- [Provided data]
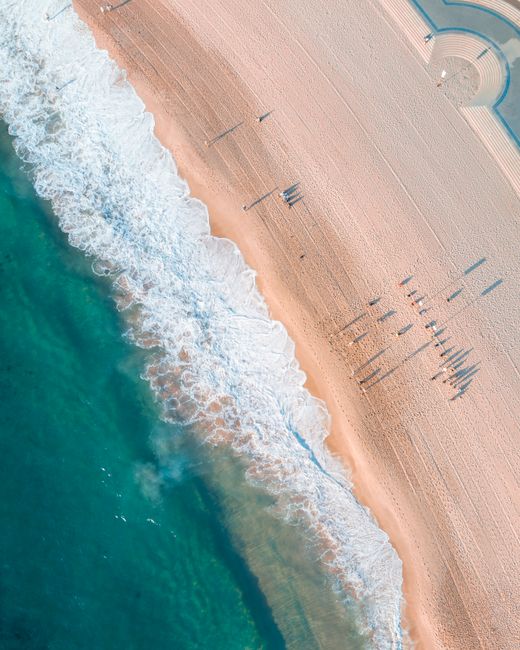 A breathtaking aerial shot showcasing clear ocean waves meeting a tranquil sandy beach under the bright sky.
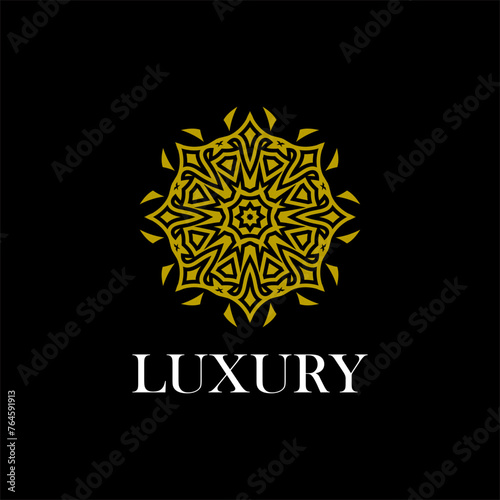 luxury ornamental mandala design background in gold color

---

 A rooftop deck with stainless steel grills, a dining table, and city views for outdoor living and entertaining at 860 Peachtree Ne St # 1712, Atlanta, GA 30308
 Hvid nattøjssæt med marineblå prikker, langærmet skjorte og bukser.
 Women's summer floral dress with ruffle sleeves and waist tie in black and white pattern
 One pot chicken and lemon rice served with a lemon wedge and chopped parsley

- [Activity] Using the entries above, extract exactly the lines from the one that contains "A breathtaking aerial" through the one that contains "luxury ornamental mandala". Do not carry over any pictures.

- [Response area]
 A breathtaking aerial shot showcasing clear ocean waves meeting a tranquil sandy beach under the bright sky.
 luxury ornamental mandala design background in gold color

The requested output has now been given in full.